Digital TV is lower quality ?!

We have a normal TV. Slightly old fashioned these days, it uses a glass tube CRT to display the image (i.e. it is not a flatscreen TV). The designers of the TV made a very nice rounded plastic covering, which means you can not use any "set top" addons, i.e. I can't place anything on the TV without it sliding off.

I fixed that by making a nice light weight wooden frame that has 4 legs of different length and skew feet, the end result being a flat horisontal surface on top of the TV, where the Video, DVD, and "Digital Tuner" can be piled, with just a hint of doublesided tape on the feet to avoid it slipping. OK, back to the subject in hand:

The "Digital Tuner" or the DTT unit, converts digital TV signals now being broadcast in my area (Denmark) for a few channels to an analog signal on the SCART kabel for the TV.
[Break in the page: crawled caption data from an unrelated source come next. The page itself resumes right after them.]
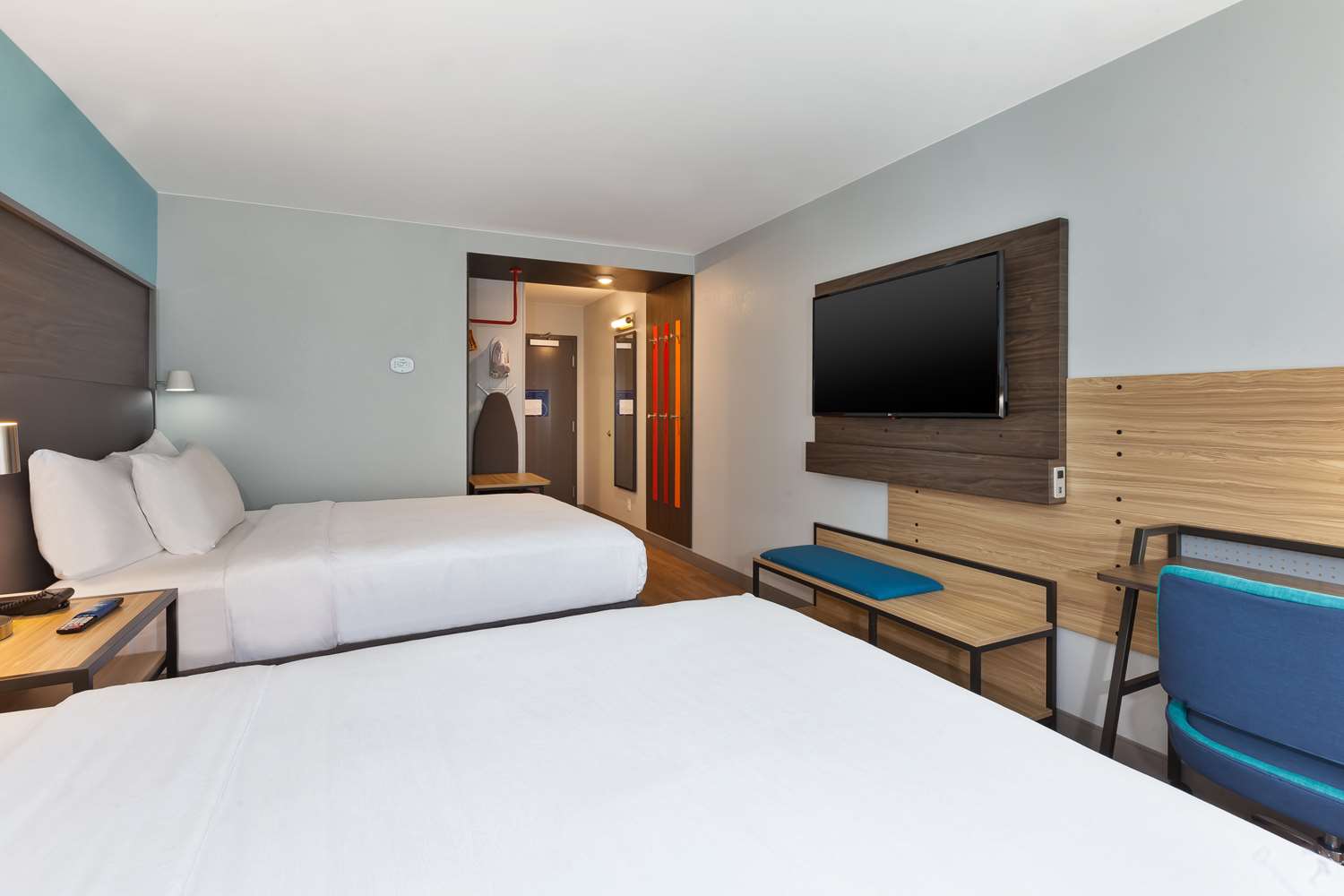 tru by hilton comstock park grand rapids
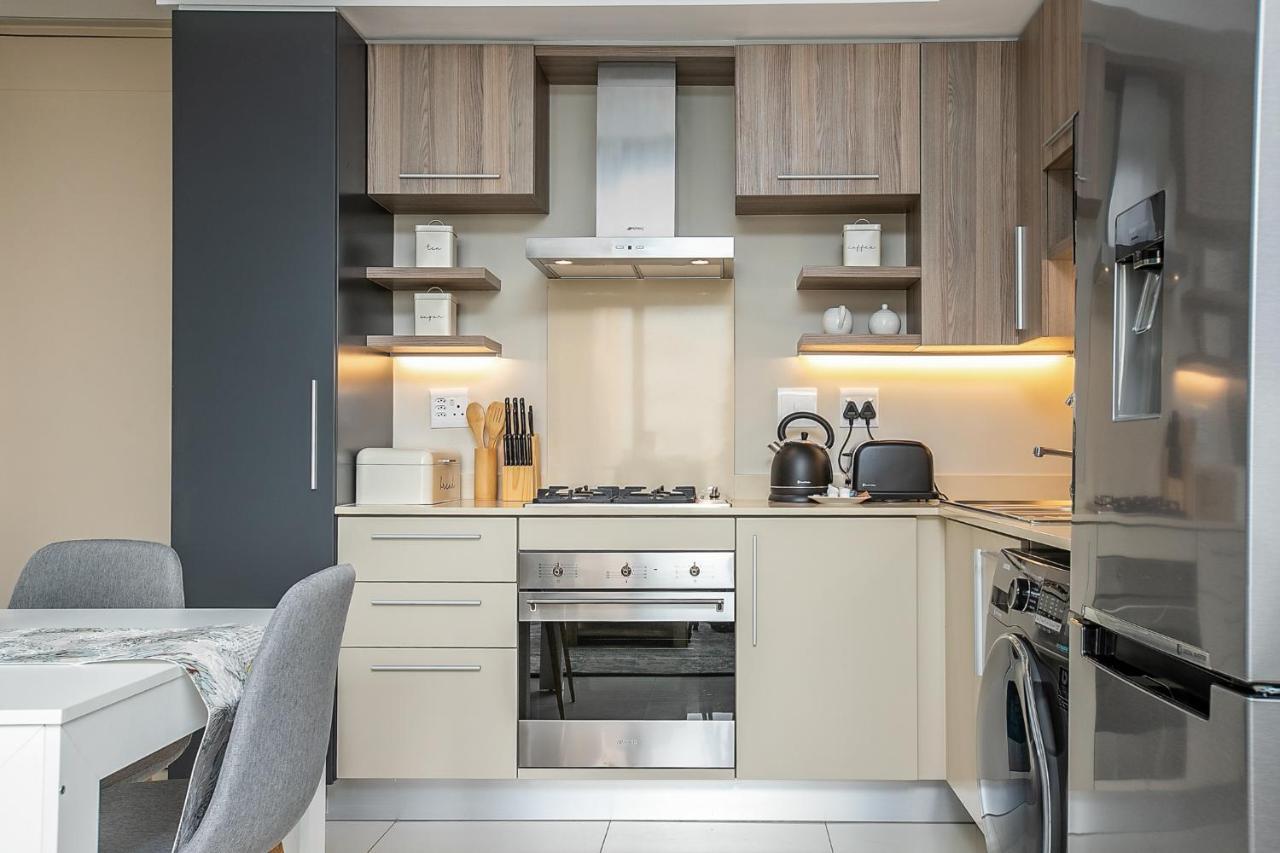 The Tyrwhitt Rosebank Apartments (Adults Only) 约翰内斯堡 外观 照片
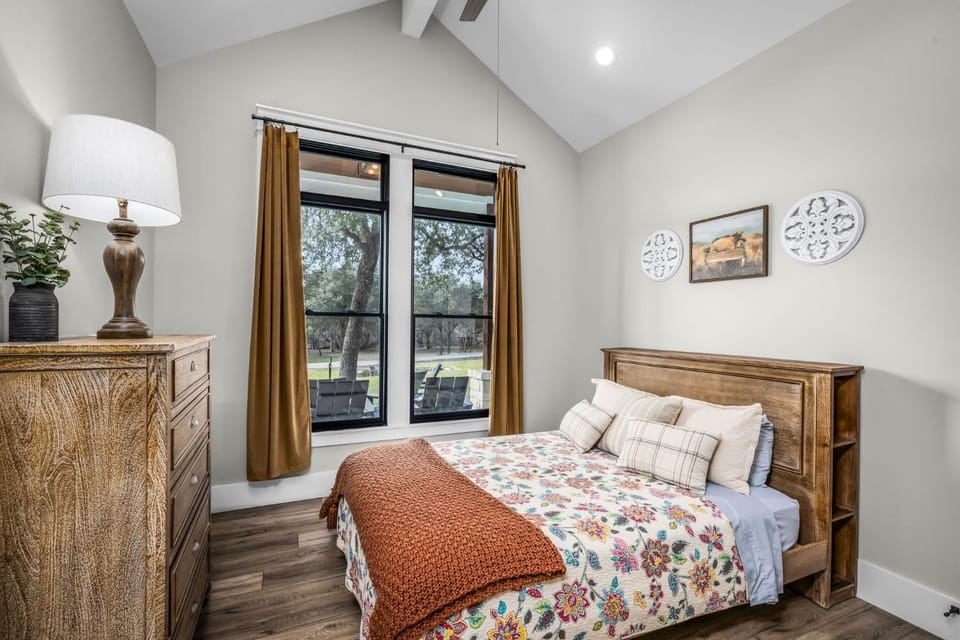 River Access Firepit BBQ Pet Friendly Sleeps 8 House in Kyle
Again - technological life has take a step backwards. I now have one more remote, which I use to turn the Digital unit on/off and choose between the 3 channels it delivers. If I use the TV remote to switch channel, nothing happens as the digital SCART signal overrides. Well, it is a passing stage, as the next TV will have this stuff built in.

But - and the reason for this entry - is I am appalled at the digital quality! The good point is that the digital signal is crisp. No "shadows" or echos due to a bounced analog signal. But someone, somewhere was bit skimpy on the number of bits they allocated for the colours. There is lots of "colour banding" The digital coding (compression) is very evident is the dark scenes, night time. You can see a number of squares dancing around in the near-black areas, the squares having one of two different shades of black. The other place where this is visible, is where the picture used is "quiet", it more or less static, and has large areas of similar color (a blue sky f.eks.) You can then see that the digital picture has to choose between two shades of blue, and the boundary becomes evident.
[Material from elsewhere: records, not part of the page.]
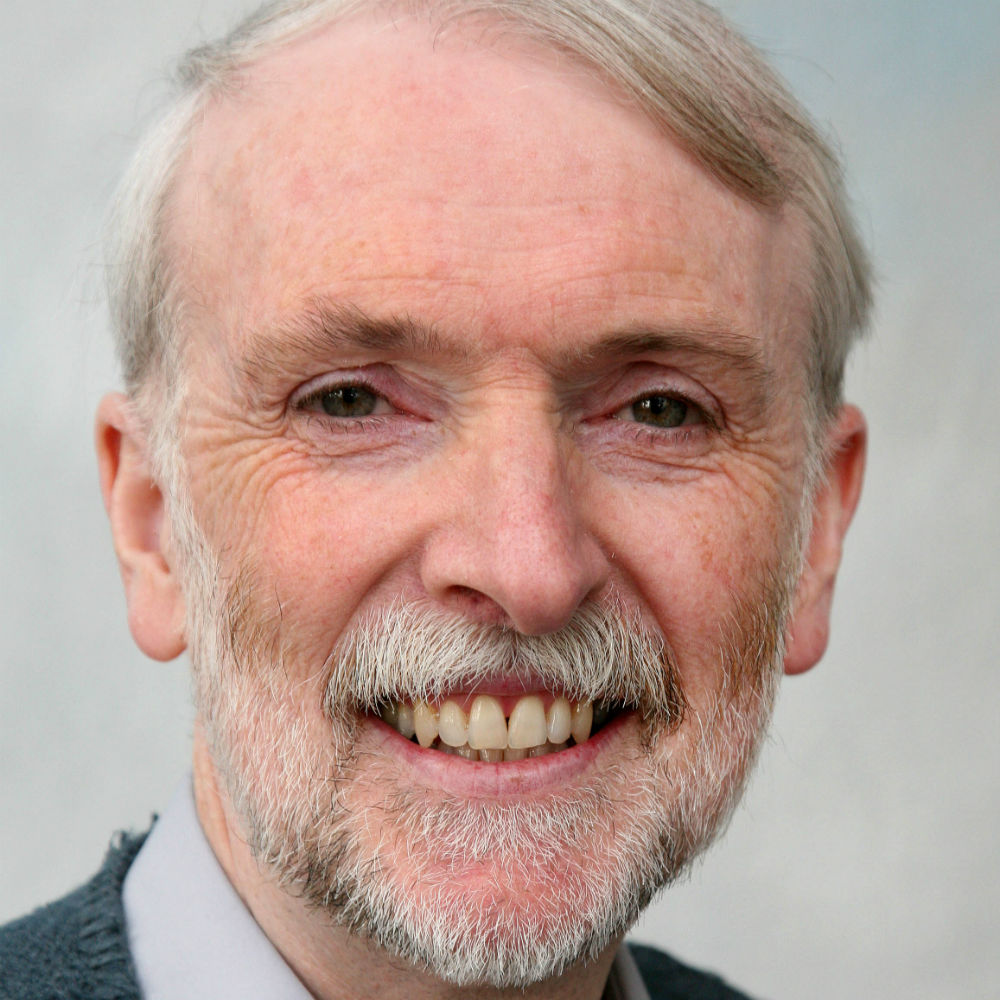 Dr Gareth Jones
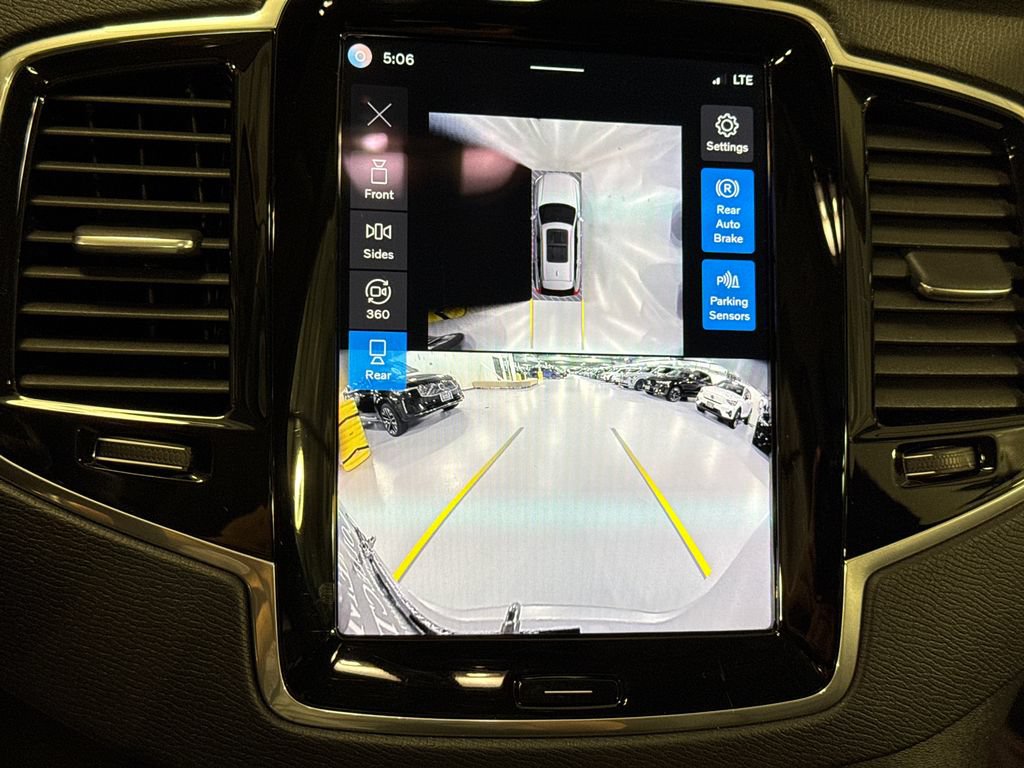 Certified 2024 Volvo XC90 T8 Plus w/ Protection Package Premier AWD/4WD image 16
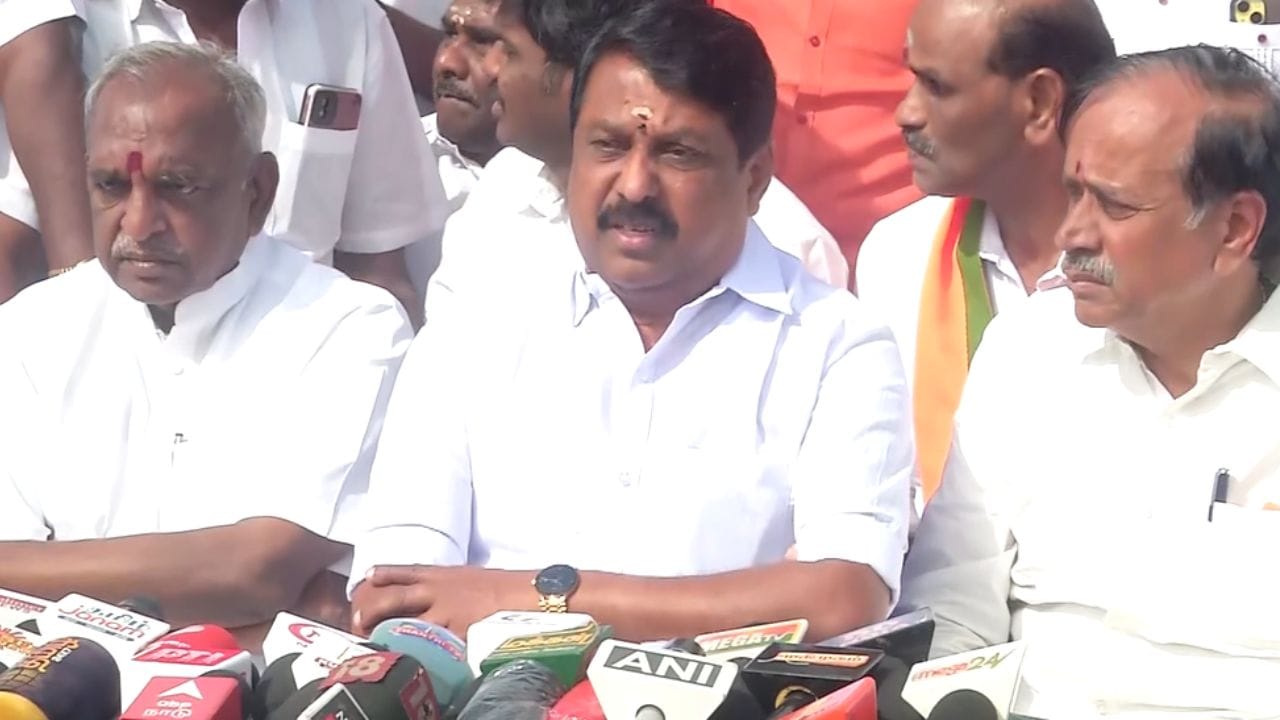 பாஜகவின் மாபெரும் பேரணி ஜனவரி 23-ல் நடைபெறும்.. நயினார் நாகேந்திரன் அறிவிப்பு! பாஜகவின் மாபெரும் பேரணி ஜனவரி 23-ல் நடைபெறும்.. நயினார் நாகேந்திரன் அறிவிப்பு!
I am quit relaxed about the problem of the digital channel as the signal gets very weak - picture freezes, or portions of t go "Pixelated", as the equivalent analog signal would show a "snowy" picture where the actual signal would be sensed rather than shown. But I am p***** off at the loss of colour quality due to high compression.

Well, I did buy the cheapest decoder I could find, just to taste the new technology, so I will go around an enquire if a more expensive unit does a better decode job, or if these limitaitions are inherit in the supplied signal. If so, I am disappointed. The digital system gets us more channels in the same bandwidth ... by giving us lesser quality (and I am not taking about content here, just the picture quality, dont get me started). OK, ok, I realize that if you want more channels, something has to give, but this is too much.